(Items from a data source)
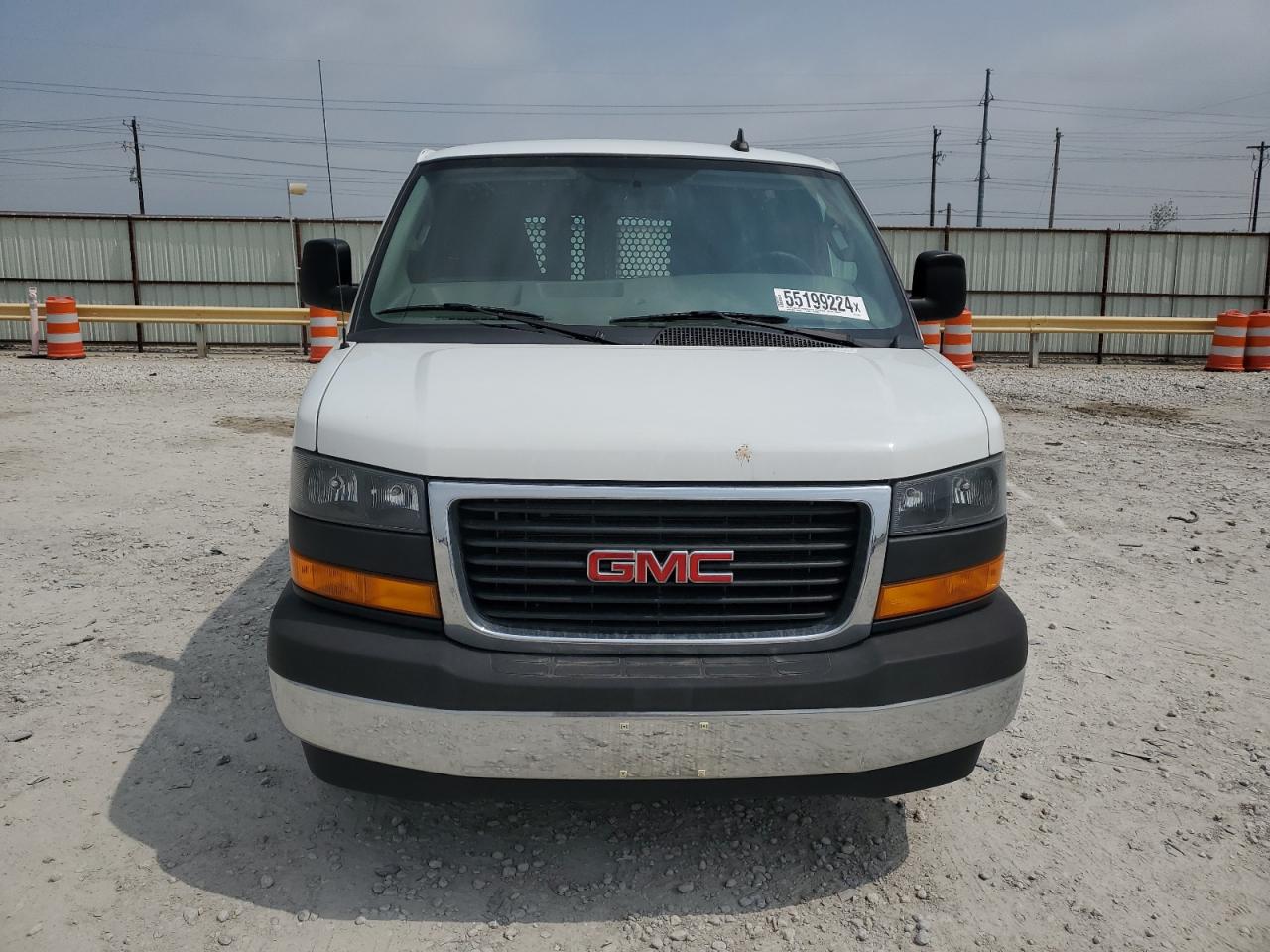 Photo 4 VIN: 1GTW7AF75M1222386 - GMC SAVANA 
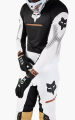Bluza FOX Flexair Optical BlackWhite3.png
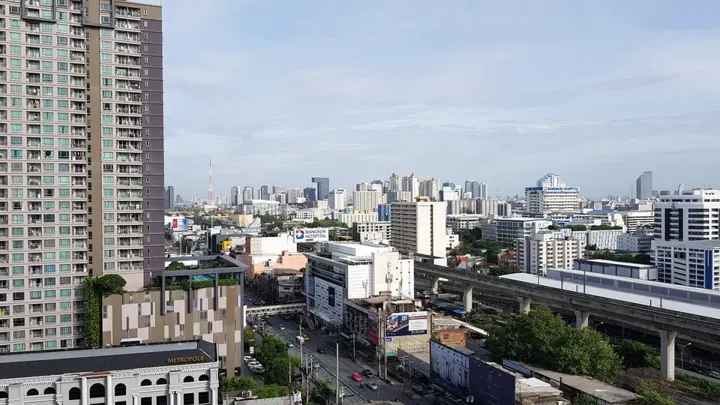 Property photos for The Capital Ekamai-Thonglor
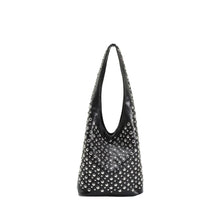 Load image into Gallery viewer, Rivet Shoulder Bag
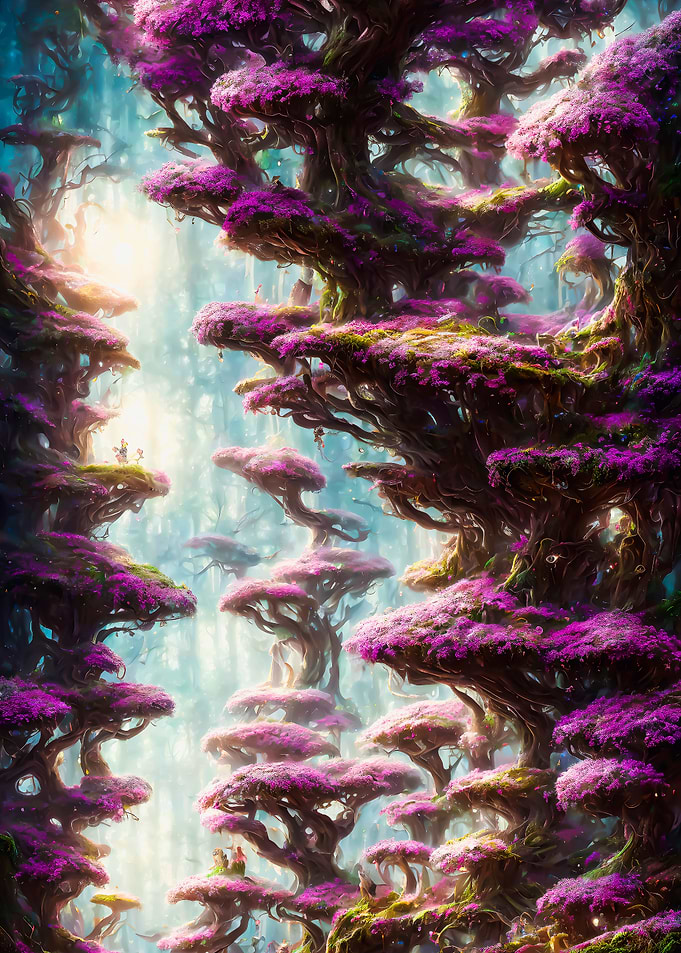 Dreamy Forest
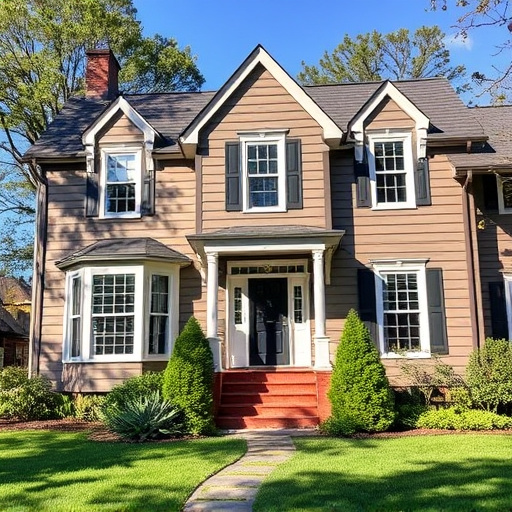 exterior renovation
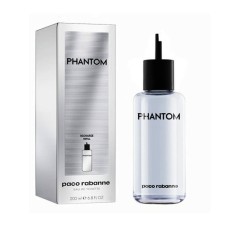 Perfume Hombre Paco Rabanne EDT 200 ml Phantom Recarga del perfume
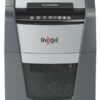 Rexel Optimum Autofeed 100m P5 Shredder Micro Cut 2020100m Fusion Office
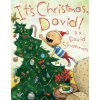 It's Christmas, David! It's Christmas, David!
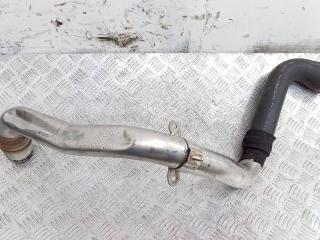 патрубок интеркулера Renault Laguna 3 поколение 2010, 2.0 л., дизель, МКПП, 8200537135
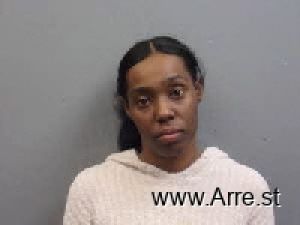 Tamia Henderson Arrest Mugshot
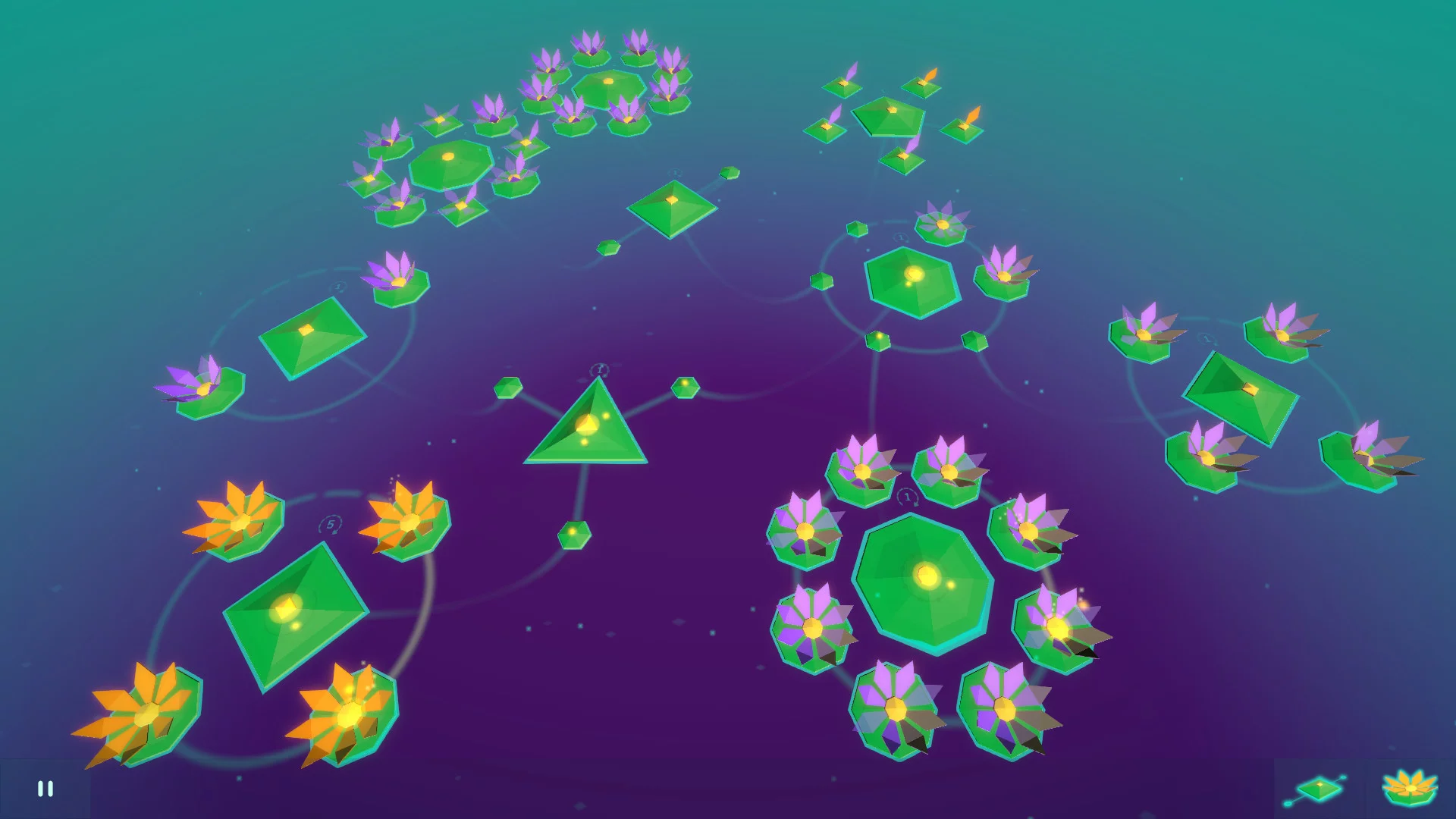 Изображение игры: Lily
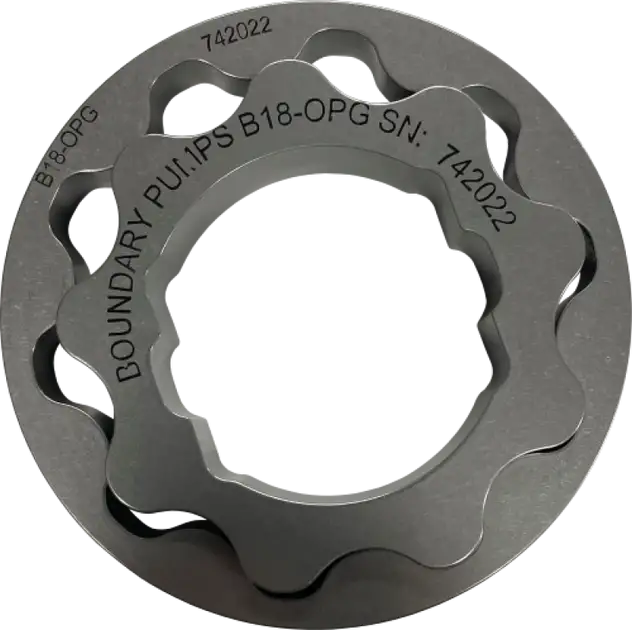 Boundary Honda 1.8L I4 High Flow Billet Oil Pump Gear (Only Fits Orbit Pump)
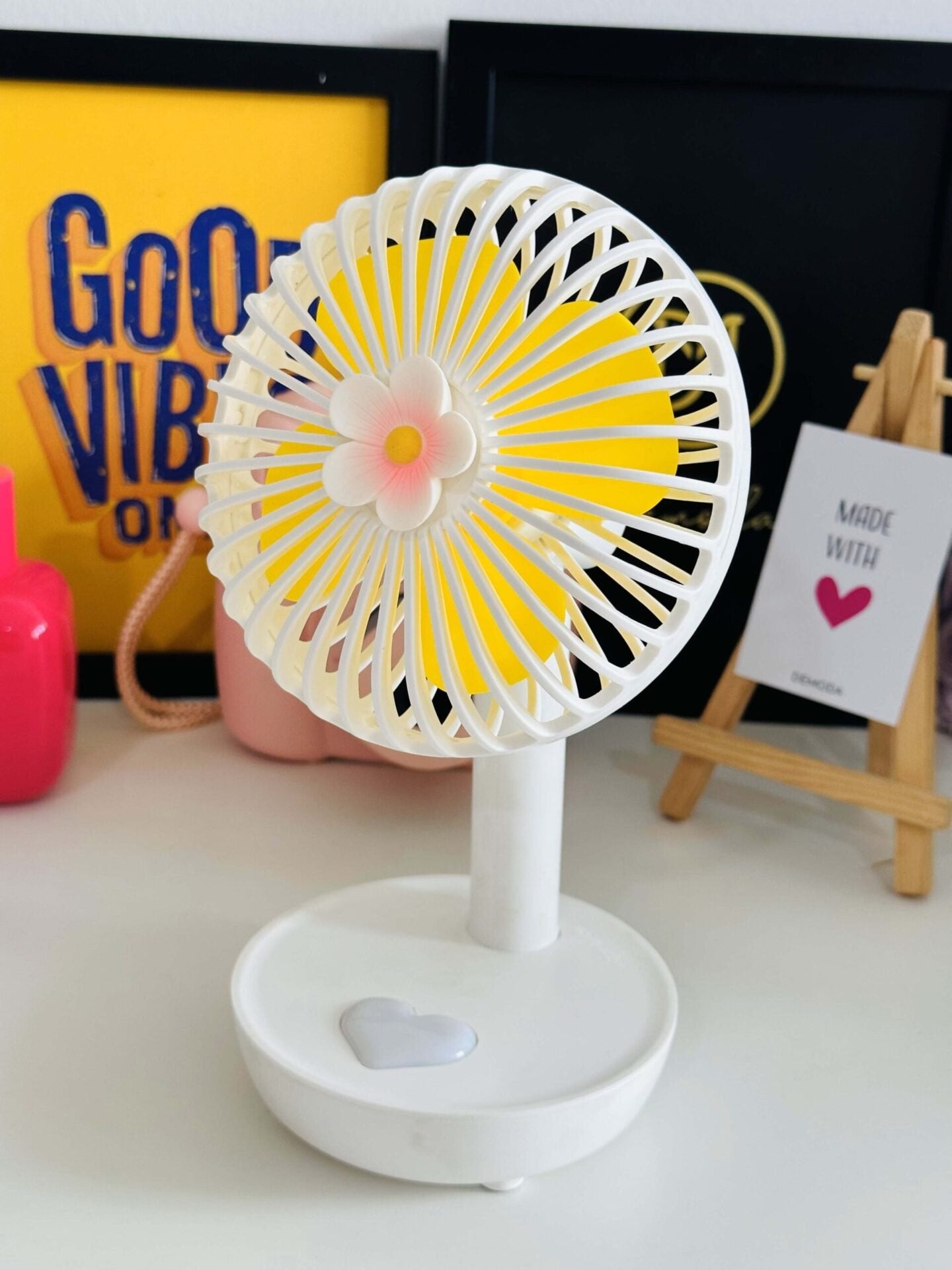 Kawaii Portable Mini Fan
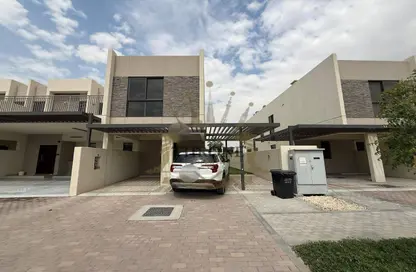 Townhouse - 3 Bedrooms - 5 Bathrooms for sale in Coursetia - Damac Hills 2 - Dubai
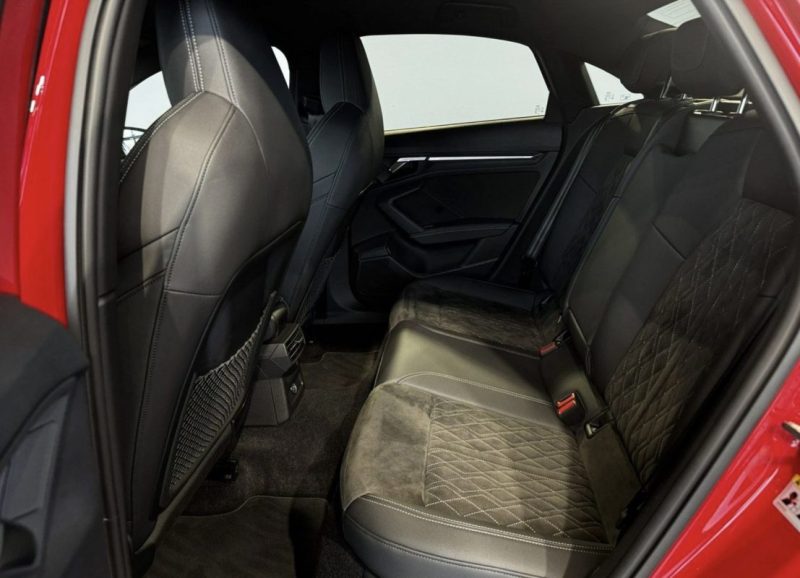 Audi S3 Berline 2.0 TFSI 310 QUATTRO S TRONIC 7 2021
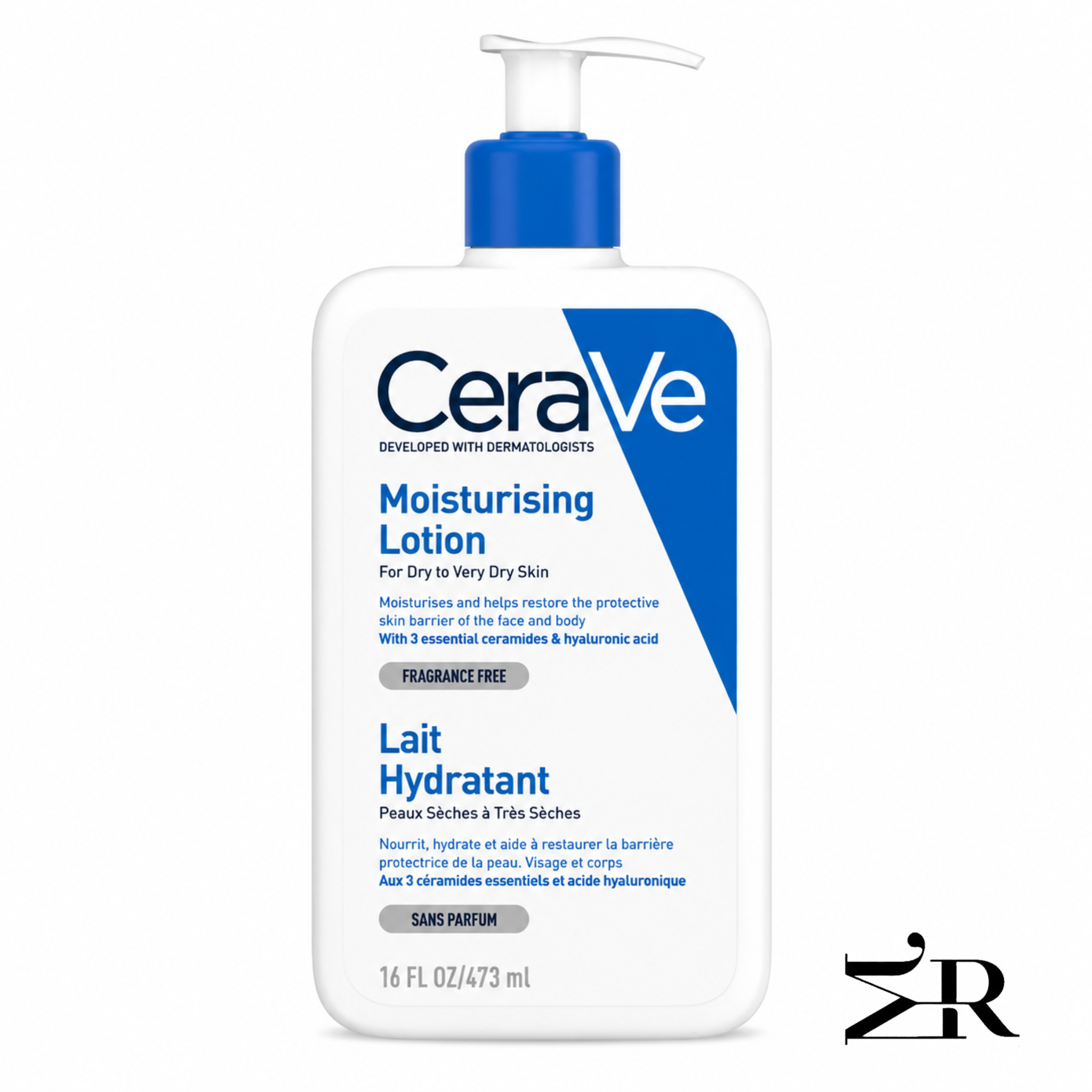 لوسیون مرطوب‌کننده سراوی | 473 میل | CeraVe Moisturising Lotion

> [DESCRIPTION OF THE TASK]: Print, exactly and only, the lines running from the line with "Perfume Hombre Paco" through the last line of the data, including both. Skip any picture.

> [RESULT OF THE TASK]:
 Perfume Hombre Paco Rabanne EDT 200 ml Phantom Recarga del perfume
 Rexel Optimum Autofeed 100m P5 Shredder Micro Cut 2020100m Fusion Office
 It's Christmas, David! It's Christmas, David!
 патрубок интеркулера Renault Laguna 3 поколение 2010, 2.0 л., дизель, МКПП, 8200537135
 Tamia Henderson Arrest Mugshot
 Изображение игры: Lily
 Boundary Honda 1.8L I4 High Flow Billet Oil Pump Gear (Only Fits Orbit Pump)
 Kawaii Portable Mini Fan
 Townhouse - 3 Bedrooms - 5 Bathrooms for sale in Coursetia - Damac Hills 2 - Dubai
 Audi S3 Berline 2.0 TFSI 310 QUATTRO S TRONIC 7 2021
 لوسیون مرطوب‌کننده سراوی | 473 میل | CeraVe Moisturising Lotion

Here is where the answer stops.